Impeaching Russia's president

Though unlikely to remove Boris Yeltsin, charges before ParliamentApril 15 reflect profound changes.

Amid declarations that are all too familiar to Americans, Russia has embarked on its own formal impeachment process, officially placing the topic on the parliamentary agenda.

As in the US version, few give it much chance of ultimate success. Also as in the US, the process could dramatically reshape Russia's political landscape by the time it has run its course. Unlike the US, Russia has never before had a system under which top leaders can be held accountable before the legislature.

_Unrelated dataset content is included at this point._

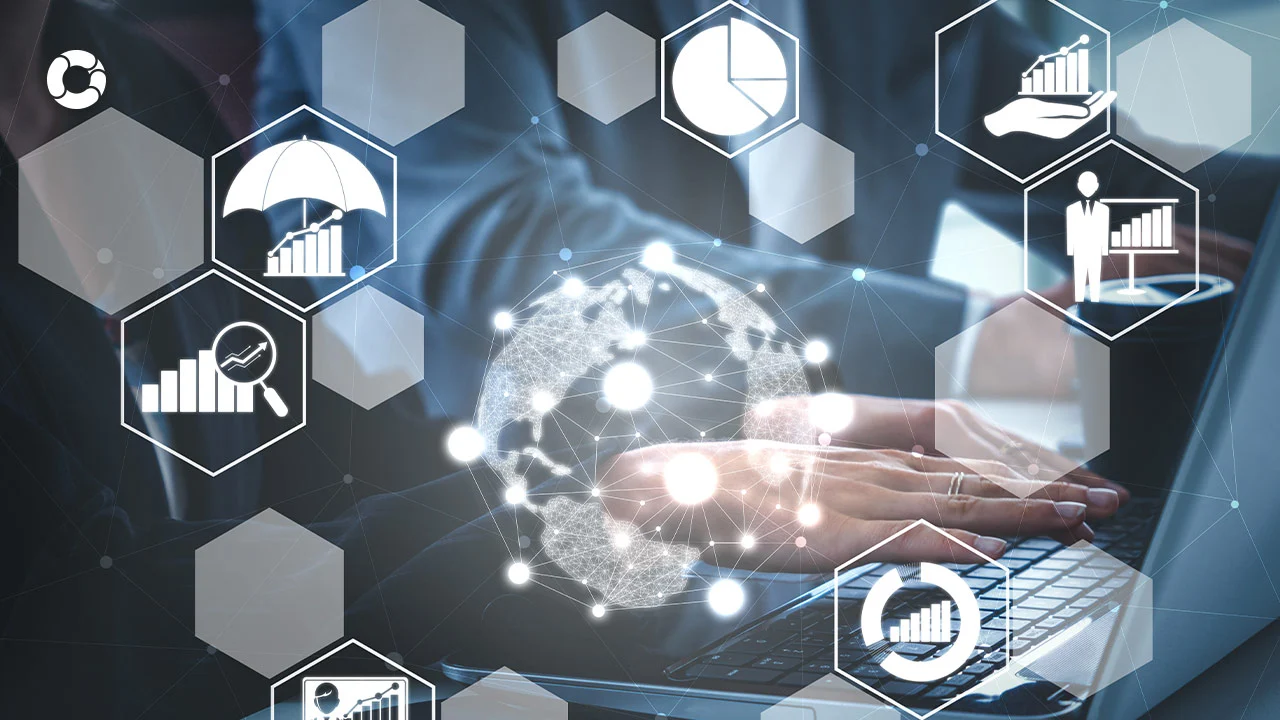 Diplomado en Ciberseguridad y Riesgo Operativo De Tecnologías De La Información En El Sector Solidario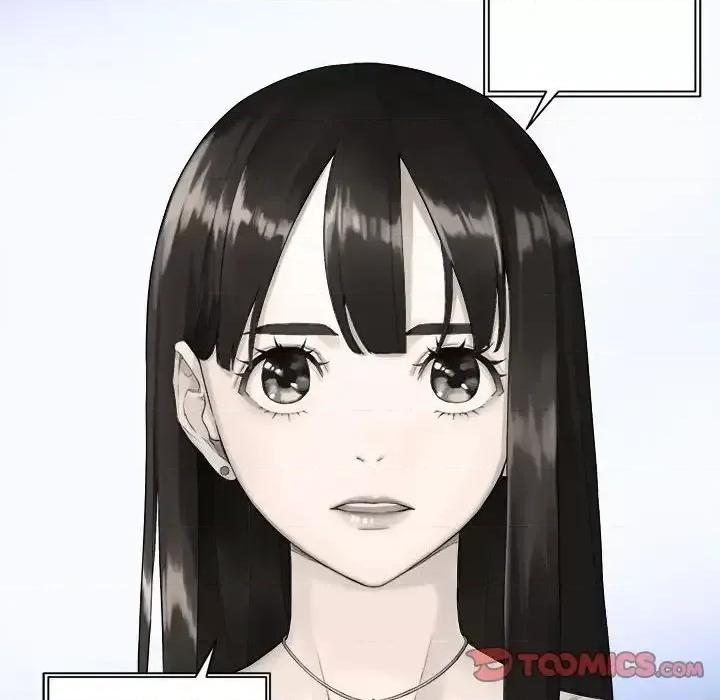 她的召唤兽 她的召唤兽第 117 话 第58页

"Impeachment is the most volatile wild card on the political scene today," says Sergei Markov, director of the independent Institute for Political Research in Moscow. "It is a calculated ploy, driven mainly by the interests of the opposition, but is already deeply affecting everyone's expectations."

The sheer difficulty of the procedure, combined with the starkly political nature of the accusations, has led many observers to dismiss the impeachment move as a Communist-run sideshow with no lasting relevance. But that may be about to change.

The Duma, or lower house of parliament, convened a special commission last June to explore charges that Boris Yeltsin - Russia's president since 1991 - has criminally led the country astray and should be removed from office.

On March 16, the Duma set April 15 as the date to kick off debate on the commission's five-part indictment of Mr. Yeltsin. A vote is expected a week or two later.

The indictment charges the president with illegally conspiring to destroy the Soviet Union in 1991; overthrowing the constitutional order and violently dispersing the elected parliament in 1993; launching a two-year civil war in Chechnya that cost tens of thousands of lives; undermining Russia's national defense by ruining its armed forces; and committing genocide against the Russian people by pursuing market reforms that led to falling birthrates and a plunging life expectancy.

"These charges are all extremely serious," says Vadim Filimonov, the commission's Communist chairman. "The underlying issues here have nothing to do with political revenge and everything to do with making a president accountable under the system."

Under the 1993 Constitution - authored by Yeltsin himself - impeaching a president is a daunting task. First he must be indicted for "high treason or another grave crime" by a two-thirds vote in the Duma. The charges then must be upheld by the Constitutional Court, Russia's highest, and, within three months, endorsed by a two-thirds vote in the Federation Council, parliament's upper house.

The court is packed with Yeltsin appointees, and the council is dominated by regional leaders who are generally loyal to the Kremlin.

No 'frivolous business'

"Considering that an American president was nearly impeached for telling a few white lies about his sex life, this cannot be treated as a frivolous business," says Alexei Chesnakov, an analyst with the independent Center for Political Trends in Moscow. "These charges express the political divisions that have tortured and paralyzed this country since the breakup of the Soviet Union," he says. "It is a very harsh judgment on the entire Yeltsin era but, unfortunately, one which almost all Russians at least partially share."

Wag the dog scenario?

The item condemning Yeltsin for starting the war in Chechnya - which he did without the consent of parliament - appears almost certain to gain the requisite two-thirds support in the Duma, analysts say.

Some even suggest that recent threats of renewed warfare in the region, triggered by the kidnapping of a top Russian official by Chechen gunmen, may have been engineered by the Kremlin in order to preempt the issue.

According to Russia's Constitution, the president cannot dissolve parliament while the impeachment process is under way, a fact that parliamentarians are very aware of. Looming elections in December are also a factor.

"President Yeltsin and the government are extremely unpopular," says Markov. "The Duma has done little to address the population's economic pain and this is an election year. So the opposition obviously wants to use impeachment to show voters how they have been fighting, actively and uncompromisingly, against the Kremlin."

But commission chairman Mr. Filimonov insists that whatever the short-term political uses and ultimate fate of this impeachment process, it has already served a crucial purpose.

"At the very least, we have elaborated the procedures for impeaching a president, and this will become an established fact of our parliamentary system," he says. "It's one of the most practical steps this parliament has ever taken."